Support Hyperallergic’s independent arts journalism.
LOS ANGELES — One year ago during the Frieze LA art fair, activist and artist Patrisse Cullors led a crowd of art-goers in a communal performance of the Electric Slide. In the middle of the faux-New York City streetscape of the Paramount Studios backlot where Frieze was held, participants shimmied and side-stepped in unison as Cullors guided them through the movements. The joyful and sometimes goofy dance was a welcome, judgement-free alternative to the commercial art-world intrigues unfolding within the large fair tent. Titled “Fuck White Supremacy, Let’s Get Free,” the performance was an attempt to bring Cullors’s activism — she is a co-founder of Black Lives Matter and an advocate for prison abolition — into a space and to an audience that might not be as familiar with it. She viewed it as a way for people to rejuvenate, regenerate, and refocus through movement and community.
“The last four years of this administration has been demoralizing,” she told the Art Newspaper last year. “Part of the response is to not allow them to take away our joy — not allow them to take away our laughter, our creativity.”
Though the work addresses the big umbrella issue of white supremacy, each iteration has a specific motivation. Cullors first performed the piece in 2019 in the parking lot behind ltd gallery in Mid-Wilshire, as a response to the child separations and detentions at the border. The Frieze performance was tied to an LA County prison reform ballot measure she was leading at the time. “Getting to reach a global audience this year is important and necessary,” she told Hyperallergic via email. “We have the opportunity through this piece to focus on challenging white supremacy in all of its forms. The Black Lives Matter movement has grown so much globally since I co-founded it in 2013 and getting to dance with the world in this moment is a celebration of that.”
The Electric Slide is a line dance created in 1976 by choreographer Ric Silver to accompany “Electric Boogie,” a reggae-tinged, mid-tempo disco song by reggae legend Bunny Wailer (who passed away earlier this month). A subsequent recording by Marcia Griffiths in 1983 renewed its popularity, but it was her 1989 remix that cemented the enduring legacy of both the song and dance. “It has something to do with unifying large, diverse crowds of people,” Griffiths said of the song’s crossover appeal in 1989. “It is a cultural phenomenon, really something to behold.”
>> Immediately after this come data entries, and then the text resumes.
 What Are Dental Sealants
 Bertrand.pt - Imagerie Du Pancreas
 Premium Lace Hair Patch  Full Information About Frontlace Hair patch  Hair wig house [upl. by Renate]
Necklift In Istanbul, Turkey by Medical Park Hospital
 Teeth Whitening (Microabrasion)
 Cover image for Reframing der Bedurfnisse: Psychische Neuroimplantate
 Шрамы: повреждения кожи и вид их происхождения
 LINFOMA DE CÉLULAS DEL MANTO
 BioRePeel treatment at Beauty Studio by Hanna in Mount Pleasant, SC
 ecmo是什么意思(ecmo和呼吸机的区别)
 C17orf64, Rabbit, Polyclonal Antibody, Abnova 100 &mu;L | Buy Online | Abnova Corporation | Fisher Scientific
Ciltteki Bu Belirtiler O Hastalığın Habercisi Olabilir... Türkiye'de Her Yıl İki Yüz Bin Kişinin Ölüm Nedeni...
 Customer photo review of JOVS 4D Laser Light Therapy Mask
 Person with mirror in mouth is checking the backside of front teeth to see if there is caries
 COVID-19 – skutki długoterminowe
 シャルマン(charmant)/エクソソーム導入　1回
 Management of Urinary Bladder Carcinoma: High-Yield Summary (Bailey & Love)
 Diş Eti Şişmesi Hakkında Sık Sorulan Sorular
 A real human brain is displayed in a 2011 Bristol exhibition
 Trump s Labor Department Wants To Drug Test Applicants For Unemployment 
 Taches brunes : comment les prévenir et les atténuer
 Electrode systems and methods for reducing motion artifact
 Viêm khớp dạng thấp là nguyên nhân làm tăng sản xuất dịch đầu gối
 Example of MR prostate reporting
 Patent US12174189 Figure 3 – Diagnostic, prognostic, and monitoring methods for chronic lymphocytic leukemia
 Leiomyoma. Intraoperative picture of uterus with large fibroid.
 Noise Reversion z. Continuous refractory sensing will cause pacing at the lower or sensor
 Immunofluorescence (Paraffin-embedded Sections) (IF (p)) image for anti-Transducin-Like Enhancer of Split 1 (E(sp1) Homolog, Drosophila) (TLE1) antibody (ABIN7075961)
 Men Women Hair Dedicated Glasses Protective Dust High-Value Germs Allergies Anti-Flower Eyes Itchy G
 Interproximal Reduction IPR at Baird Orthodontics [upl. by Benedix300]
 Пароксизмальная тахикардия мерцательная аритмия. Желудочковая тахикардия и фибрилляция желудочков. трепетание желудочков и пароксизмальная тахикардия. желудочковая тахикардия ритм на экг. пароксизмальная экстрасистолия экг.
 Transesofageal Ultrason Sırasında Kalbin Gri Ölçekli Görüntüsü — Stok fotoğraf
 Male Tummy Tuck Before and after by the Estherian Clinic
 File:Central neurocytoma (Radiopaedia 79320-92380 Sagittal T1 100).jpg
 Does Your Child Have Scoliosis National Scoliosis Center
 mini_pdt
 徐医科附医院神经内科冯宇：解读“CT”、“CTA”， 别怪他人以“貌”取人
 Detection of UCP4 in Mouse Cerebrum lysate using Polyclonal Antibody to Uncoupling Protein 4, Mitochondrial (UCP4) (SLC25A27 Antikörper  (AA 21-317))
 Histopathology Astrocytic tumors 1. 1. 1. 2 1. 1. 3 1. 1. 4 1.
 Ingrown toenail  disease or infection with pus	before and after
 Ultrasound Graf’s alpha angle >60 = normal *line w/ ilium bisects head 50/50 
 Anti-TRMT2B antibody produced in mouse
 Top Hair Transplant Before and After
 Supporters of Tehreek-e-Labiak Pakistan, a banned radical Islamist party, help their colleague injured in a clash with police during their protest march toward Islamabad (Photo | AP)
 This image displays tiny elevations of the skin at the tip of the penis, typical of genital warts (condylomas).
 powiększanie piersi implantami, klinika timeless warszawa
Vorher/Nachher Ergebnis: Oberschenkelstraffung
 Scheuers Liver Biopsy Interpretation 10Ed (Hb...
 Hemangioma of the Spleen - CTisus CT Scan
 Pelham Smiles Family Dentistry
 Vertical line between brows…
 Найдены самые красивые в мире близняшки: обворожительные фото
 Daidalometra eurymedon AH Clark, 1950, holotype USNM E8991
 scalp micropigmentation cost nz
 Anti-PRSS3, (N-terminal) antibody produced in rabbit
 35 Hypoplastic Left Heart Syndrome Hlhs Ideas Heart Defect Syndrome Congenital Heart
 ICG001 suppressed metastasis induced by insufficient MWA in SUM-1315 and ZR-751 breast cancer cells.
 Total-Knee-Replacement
“In the Black community we do the electric slide at weddings and funerals to celebrate life and to process grief,” explained Cullors. “The steps are so simple but people can add in their own expressions to move, heal, and recharge their bodies and spirits.”
On Sunday April 11, Cullors will be restaging “F*ck White Supremacy, Let’s Get Free” online for a global audience, in partnership with the Hammer Museum with support from UGG footwear and apparel company. The events of the past year — including a worldwide pandemic and related isolation, police brutality, struggles for racial and economic justice, and a contested election — have left many of us feeling exhausted and disillusioned. There is a renewed urgency to connect with others around the world through a shared expression of exuberance and solidarity. Indeed the song’s closing lyrics speak to this sense of borderless camaraderie:
Now you can’t hold it, It’s electric!
But you know it’s there,
Yeah here there everywhere
“The museum’s mission has always been about harnessing the power of art and ideas to build a more just world, and joy is absolutely necessary for healing and for facing the many challenges ahead,” Ann Philbin, director of the Hammer Museum, said in a press statement. “This worldwide electric slide dance party with Patrisse is the perfect way to recharge and lift our spirits as we battle systemic racism.”
Joining Cullors during the six-hour live-streamed event will be two DJ collectives: Los Angeles-based Cumbiatón, whose mission is to “center womxn, trans, and queer people of color both on the dance floor and in the Dj booth,” and Everyday People, described by the New York Times as a “socially conscious daytime party that celebrates the African diaspora.” Participants can submit their own Electric Slide dance videos to be played during the event through the Hammer’s website. Before the party kicks off, Cullors and Hammer associate curator Erin Christovale will discuss the ideas behind the performance.
For Cullors, this performance is not an end in itself, but just one in a series that celebrates and energizes the movement for racial justice. “I hope that after the performance everyone will feel grounded and connected through shared joy,” she said. “Dancing brings people together and has the ability to heal. We are constantly being exposed to racial violence and death because of the US government and its neglectful response to COVID-19. We need joy and encouragement to keep fighting and winning. Our work is nowhere near done, but we can stop and celebrate what has been done so far.”
“F*ck White Supremacy, Let’s Get Free” will take place online via the Hammer Museum on Sunday, April 11, 12–6pm (PST). Participants can submit their own Electric Slide dance videos to be played during the event through the Hammer’s website.